### Problem to work on
The reply should repeat all of the data word for word, with no pictures.

### Data to use
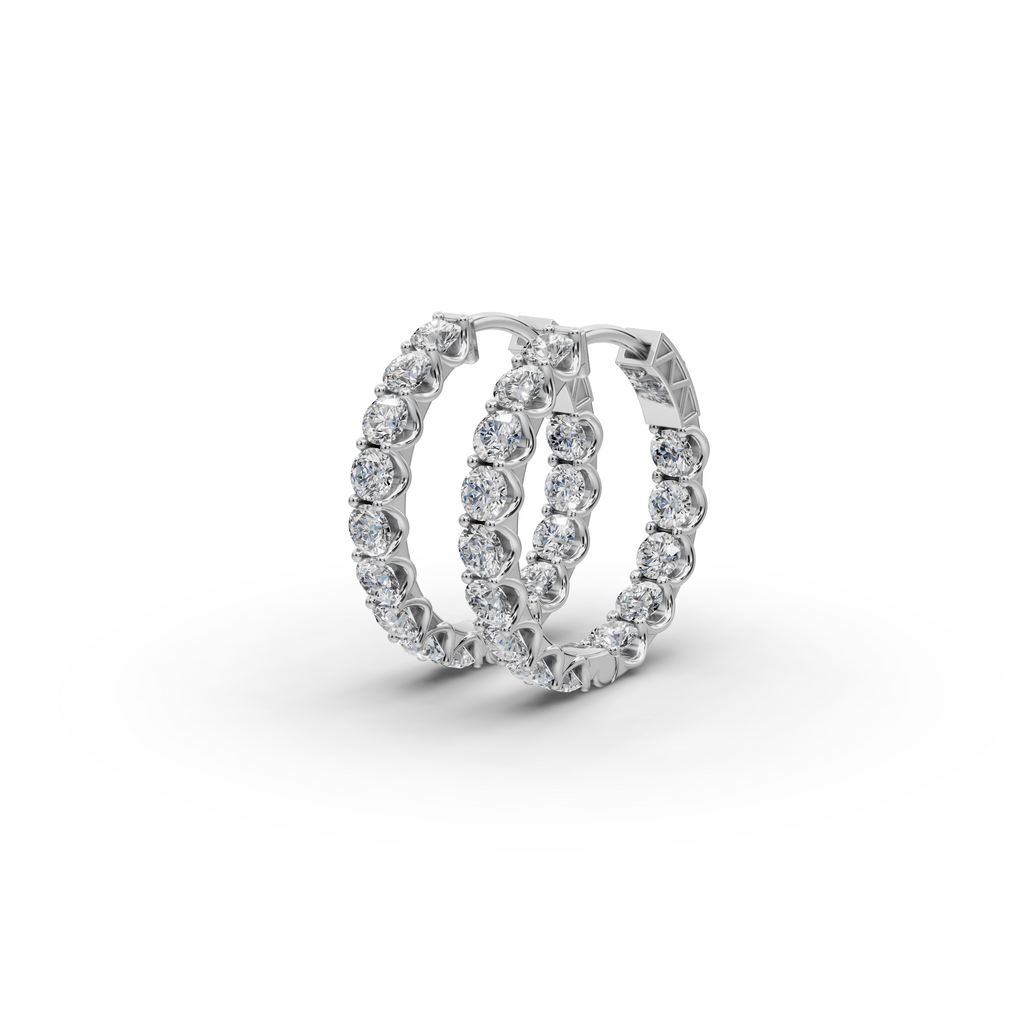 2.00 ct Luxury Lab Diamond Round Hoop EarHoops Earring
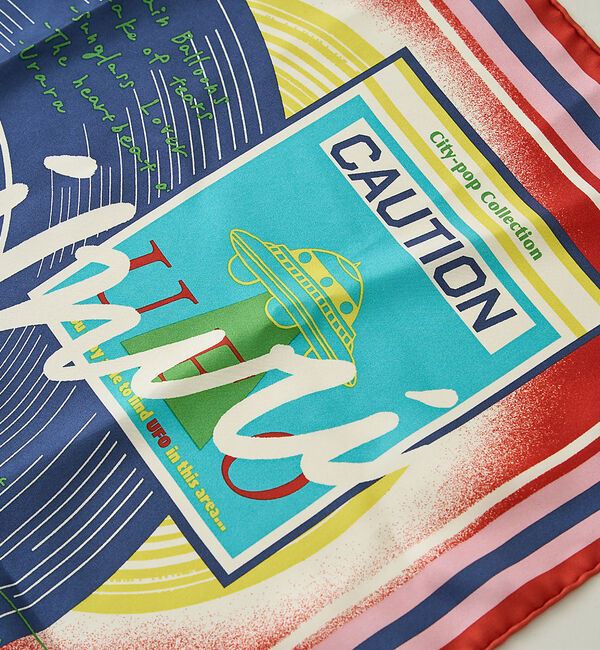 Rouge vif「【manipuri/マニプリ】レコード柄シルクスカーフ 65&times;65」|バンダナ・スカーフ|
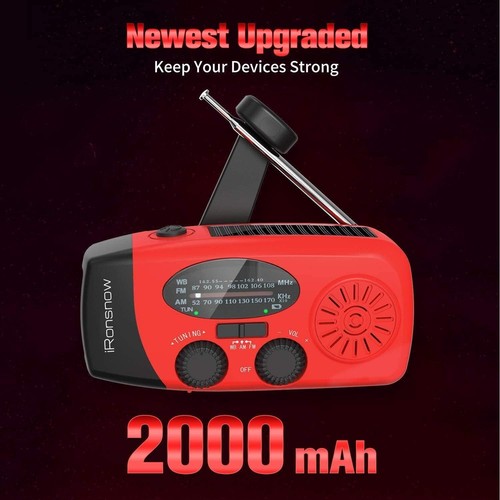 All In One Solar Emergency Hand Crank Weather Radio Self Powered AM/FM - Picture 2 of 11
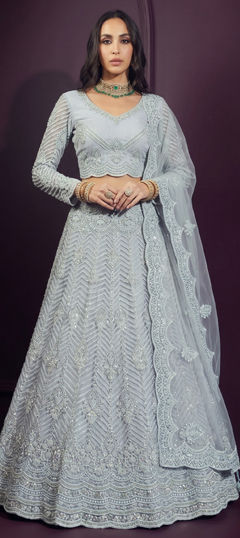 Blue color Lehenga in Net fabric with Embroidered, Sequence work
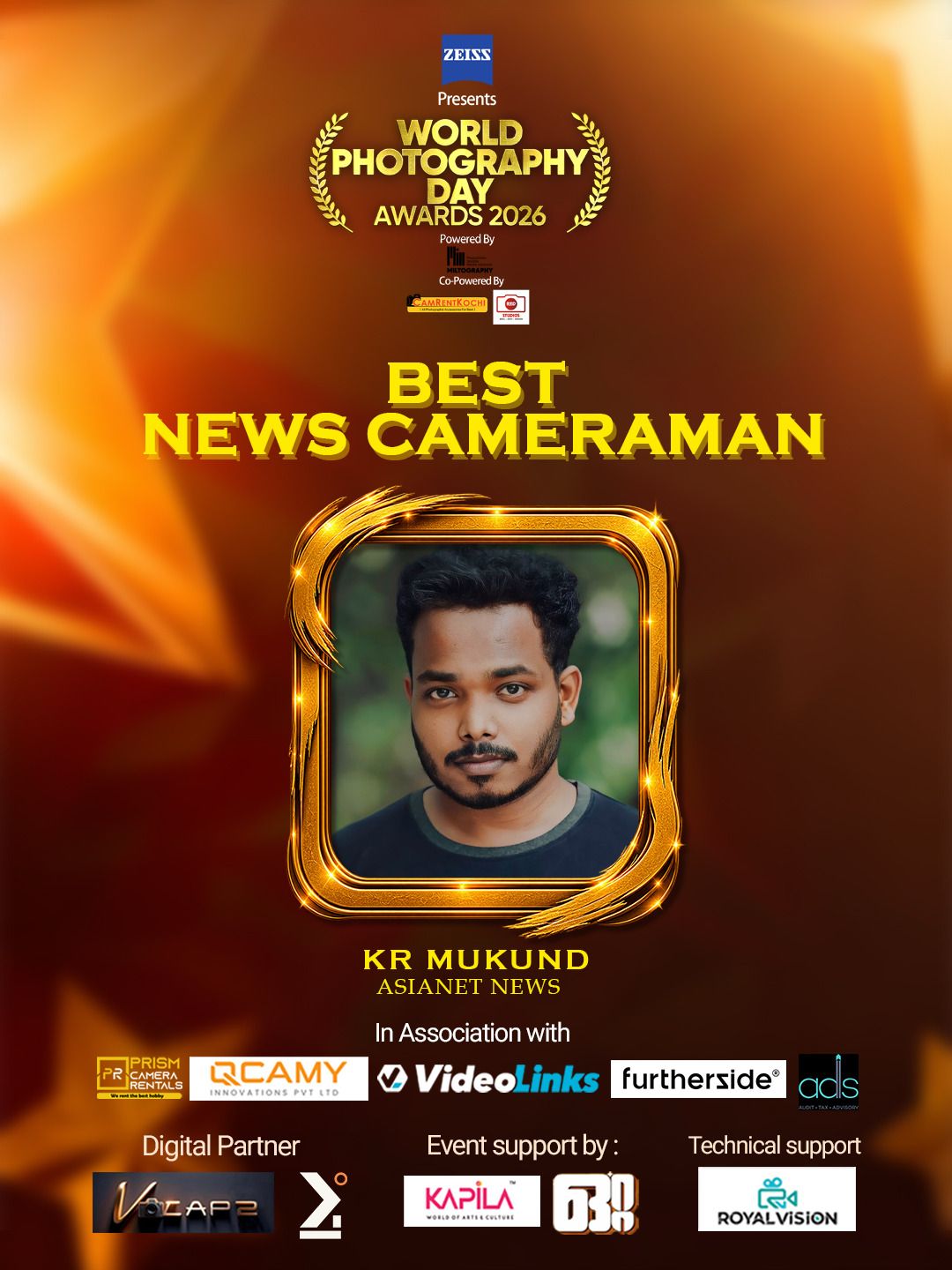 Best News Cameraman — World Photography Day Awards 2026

### Output
 2.00 ct Luxury Lab Diamond Round Hoop EarHoops Earring
 Rouge vif「【manipuri/マニプリ】レコード柄シルクスカーフ 65&times;65」|バンダナ・スカーフ|
 All In One Solar Emergency Hand Crank Weather Radio Self Powered AM/FM - Picture 2 of 11
 Blue color Lehenga in Net fabric with Embroidered, Sequence work
 Best News Cameraman — World Photography Day Awards 2026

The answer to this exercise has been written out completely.